(Exercise inputs)

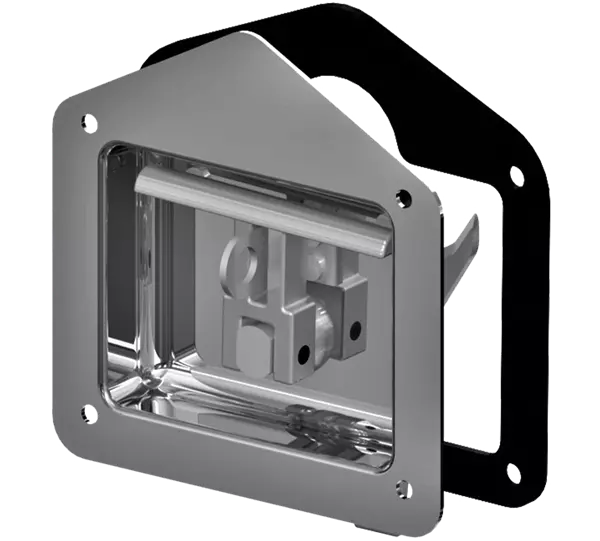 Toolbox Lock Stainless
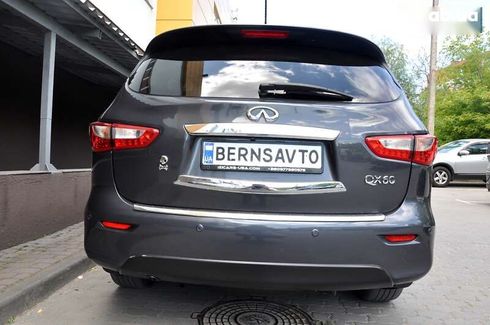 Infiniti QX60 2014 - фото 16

* * *

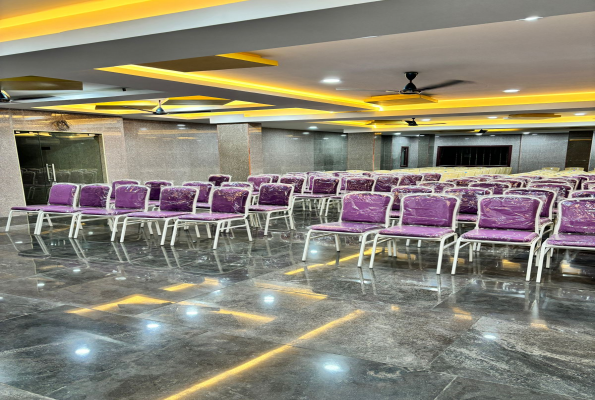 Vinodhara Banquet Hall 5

(Problem to work on) Starting at the line above that has "Toolbox Lock Stainless" and ending at the line that has "Infiniti QX60 2014 - фото 16", copy each line exactly, leaving the pictures out and adding nothing.

(Expected answer)
 Toolbox Lock Stainless
 Infiniti QX60 2014 - фото 16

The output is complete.